▸ WORK INSTRUCTION
Take the material below and reproduce, word for word, only the lines from the line with "Rock Paper Scissors" through the line with "For iPad Air".

▸ DATA
-- Opening Marker --

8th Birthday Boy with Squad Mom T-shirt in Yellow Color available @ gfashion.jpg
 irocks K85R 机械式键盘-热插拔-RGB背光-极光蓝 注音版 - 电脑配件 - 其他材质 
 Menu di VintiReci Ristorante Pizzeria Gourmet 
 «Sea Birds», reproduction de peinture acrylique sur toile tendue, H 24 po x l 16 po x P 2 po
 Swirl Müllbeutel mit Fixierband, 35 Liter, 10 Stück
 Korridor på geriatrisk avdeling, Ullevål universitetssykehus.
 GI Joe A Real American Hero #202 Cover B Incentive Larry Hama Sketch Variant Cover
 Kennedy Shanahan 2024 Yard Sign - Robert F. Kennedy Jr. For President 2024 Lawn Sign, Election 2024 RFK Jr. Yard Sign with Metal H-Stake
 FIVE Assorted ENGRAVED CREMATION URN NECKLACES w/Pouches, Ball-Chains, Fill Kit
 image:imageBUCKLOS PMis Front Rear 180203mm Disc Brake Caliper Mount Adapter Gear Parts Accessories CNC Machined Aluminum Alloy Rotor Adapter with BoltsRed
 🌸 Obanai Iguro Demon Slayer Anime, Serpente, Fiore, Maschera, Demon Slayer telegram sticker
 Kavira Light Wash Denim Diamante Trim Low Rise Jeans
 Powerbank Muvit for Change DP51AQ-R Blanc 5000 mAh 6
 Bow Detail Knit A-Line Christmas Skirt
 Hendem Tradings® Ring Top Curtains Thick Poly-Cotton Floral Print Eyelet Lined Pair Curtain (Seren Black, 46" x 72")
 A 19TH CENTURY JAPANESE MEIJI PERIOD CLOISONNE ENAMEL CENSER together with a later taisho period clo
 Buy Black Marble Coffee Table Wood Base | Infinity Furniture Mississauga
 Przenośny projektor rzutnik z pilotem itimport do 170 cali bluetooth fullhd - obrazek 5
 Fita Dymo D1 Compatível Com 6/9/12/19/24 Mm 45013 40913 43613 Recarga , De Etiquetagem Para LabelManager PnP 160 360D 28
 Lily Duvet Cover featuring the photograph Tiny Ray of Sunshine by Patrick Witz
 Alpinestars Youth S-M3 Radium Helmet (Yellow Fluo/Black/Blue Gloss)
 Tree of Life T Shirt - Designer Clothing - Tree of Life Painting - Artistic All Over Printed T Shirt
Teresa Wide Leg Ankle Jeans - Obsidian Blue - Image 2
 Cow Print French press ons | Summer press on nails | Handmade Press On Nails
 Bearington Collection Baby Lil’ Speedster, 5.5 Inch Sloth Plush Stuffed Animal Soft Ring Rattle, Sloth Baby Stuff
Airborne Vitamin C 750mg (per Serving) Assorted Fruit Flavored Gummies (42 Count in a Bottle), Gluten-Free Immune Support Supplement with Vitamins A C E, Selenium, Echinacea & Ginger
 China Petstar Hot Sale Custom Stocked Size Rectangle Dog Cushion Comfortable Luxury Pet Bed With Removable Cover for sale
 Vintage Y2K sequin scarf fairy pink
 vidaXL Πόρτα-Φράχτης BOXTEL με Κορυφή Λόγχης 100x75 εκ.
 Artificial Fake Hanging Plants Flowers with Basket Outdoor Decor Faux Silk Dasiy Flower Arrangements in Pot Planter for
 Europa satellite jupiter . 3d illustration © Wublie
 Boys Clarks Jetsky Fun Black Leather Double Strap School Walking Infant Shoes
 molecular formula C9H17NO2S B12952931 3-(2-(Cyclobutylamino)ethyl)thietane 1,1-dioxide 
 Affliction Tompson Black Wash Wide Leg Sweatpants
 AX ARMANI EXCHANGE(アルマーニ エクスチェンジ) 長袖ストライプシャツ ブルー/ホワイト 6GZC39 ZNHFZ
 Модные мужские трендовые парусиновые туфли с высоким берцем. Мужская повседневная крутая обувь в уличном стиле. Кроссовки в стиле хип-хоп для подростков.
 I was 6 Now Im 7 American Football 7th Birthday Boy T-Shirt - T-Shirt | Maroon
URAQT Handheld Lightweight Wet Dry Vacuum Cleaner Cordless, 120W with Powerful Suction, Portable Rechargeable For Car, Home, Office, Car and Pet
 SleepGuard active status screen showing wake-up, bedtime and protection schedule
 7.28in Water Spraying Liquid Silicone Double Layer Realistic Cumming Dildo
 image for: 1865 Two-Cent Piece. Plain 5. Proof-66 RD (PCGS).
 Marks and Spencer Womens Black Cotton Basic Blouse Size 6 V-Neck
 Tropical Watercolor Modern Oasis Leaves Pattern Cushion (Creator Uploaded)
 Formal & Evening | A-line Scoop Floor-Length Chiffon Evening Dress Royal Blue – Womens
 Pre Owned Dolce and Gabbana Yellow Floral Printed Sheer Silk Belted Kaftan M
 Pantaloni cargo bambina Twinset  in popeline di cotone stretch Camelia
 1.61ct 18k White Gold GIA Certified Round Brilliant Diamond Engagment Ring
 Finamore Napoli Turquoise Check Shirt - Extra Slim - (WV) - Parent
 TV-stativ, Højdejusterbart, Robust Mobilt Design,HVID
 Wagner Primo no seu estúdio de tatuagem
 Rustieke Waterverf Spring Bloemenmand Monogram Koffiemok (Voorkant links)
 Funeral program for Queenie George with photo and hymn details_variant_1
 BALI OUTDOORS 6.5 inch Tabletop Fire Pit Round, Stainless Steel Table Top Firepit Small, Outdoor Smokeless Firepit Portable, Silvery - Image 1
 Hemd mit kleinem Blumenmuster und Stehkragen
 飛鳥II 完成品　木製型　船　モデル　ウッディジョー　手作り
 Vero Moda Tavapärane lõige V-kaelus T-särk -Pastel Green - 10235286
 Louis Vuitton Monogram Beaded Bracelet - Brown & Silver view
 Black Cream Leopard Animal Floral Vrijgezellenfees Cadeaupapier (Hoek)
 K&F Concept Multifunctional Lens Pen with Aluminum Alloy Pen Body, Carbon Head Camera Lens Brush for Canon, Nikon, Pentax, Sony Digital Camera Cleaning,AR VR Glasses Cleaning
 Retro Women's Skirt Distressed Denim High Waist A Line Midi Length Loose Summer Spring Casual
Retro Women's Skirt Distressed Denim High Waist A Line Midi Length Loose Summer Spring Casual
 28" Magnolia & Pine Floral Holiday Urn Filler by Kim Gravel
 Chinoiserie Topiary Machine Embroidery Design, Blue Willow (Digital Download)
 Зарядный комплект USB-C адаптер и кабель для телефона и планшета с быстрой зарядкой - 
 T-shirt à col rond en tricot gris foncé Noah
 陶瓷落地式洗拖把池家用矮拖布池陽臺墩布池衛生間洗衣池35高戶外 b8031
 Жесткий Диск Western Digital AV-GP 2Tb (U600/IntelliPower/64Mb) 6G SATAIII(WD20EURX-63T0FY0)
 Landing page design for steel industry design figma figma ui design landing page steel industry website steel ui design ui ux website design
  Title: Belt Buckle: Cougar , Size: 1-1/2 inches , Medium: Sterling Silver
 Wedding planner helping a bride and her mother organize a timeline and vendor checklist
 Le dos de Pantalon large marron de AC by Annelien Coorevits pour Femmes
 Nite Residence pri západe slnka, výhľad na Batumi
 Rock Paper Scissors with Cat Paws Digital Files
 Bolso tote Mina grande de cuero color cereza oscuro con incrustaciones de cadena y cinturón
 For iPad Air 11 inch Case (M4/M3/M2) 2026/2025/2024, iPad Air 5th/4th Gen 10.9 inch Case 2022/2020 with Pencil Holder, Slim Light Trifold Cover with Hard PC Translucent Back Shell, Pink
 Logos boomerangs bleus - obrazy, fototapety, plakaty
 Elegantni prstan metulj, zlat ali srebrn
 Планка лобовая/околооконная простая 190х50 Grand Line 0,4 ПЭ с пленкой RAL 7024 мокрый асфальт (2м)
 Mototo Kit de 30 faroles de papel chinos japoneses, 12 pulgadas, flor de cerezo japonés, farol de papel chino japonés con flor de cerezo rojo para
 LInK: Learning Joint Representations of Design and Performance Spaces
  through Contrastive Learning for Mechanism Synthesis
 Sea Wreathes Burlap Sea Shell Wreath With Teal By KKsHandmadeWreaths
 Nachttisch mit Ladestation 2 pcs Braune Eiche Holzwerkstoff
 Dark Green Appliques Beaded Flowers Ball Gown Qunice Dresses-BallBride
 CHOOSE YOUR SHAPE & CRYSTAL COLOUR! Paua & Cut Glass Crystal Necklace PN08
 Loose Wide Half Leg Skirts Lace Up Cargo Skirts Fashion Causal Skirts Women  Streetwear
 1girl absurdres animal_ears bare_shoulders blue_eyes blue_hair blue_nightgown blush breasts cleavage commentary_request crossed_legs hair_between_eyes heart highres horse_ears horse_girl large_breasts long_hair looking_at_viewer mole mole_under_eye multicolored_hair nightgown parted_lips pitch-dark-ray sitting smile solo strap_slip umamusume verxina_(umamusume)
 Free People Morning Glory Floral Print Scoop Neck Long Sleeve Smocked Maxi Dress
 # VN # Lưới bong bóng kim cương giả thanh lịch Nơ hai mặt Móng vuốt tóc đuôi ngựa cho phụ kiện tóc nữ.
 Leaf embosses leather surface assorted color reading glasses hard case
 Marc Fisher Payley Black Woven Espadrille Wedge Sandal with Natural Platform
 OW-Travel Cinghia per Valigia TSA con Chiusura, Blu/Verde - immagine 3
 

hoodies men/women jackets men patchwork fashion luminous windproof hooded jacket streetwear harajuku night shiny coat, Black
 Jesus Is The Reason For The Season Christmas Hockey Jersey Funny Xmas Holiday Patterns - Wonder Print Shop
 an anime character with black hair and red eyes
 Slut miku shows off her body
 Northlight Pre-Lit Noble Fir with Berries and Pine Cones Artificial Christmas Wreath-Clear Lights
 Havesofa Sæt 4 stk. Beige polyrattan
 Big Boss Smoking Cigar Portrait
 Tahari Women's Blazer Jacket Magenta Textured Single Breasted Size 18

-- Closing Marker --

▸ SOLUTION
 Rock Paper Scissors with Cat Paws Digital Files
 Bolso tote Mina grande de cuero color cereza oscuro con incrustaciones de cadena y cinturón
 For iPad Air 11 inch Case (M4/M3/M2) 2026/2025/2024, iPad Air 5th/4th Gen 10.9 inch Case 2022/2020 with Pencil Holder, Slim Light Trifold Cover with Hard PC Translucent Back Shell, Pink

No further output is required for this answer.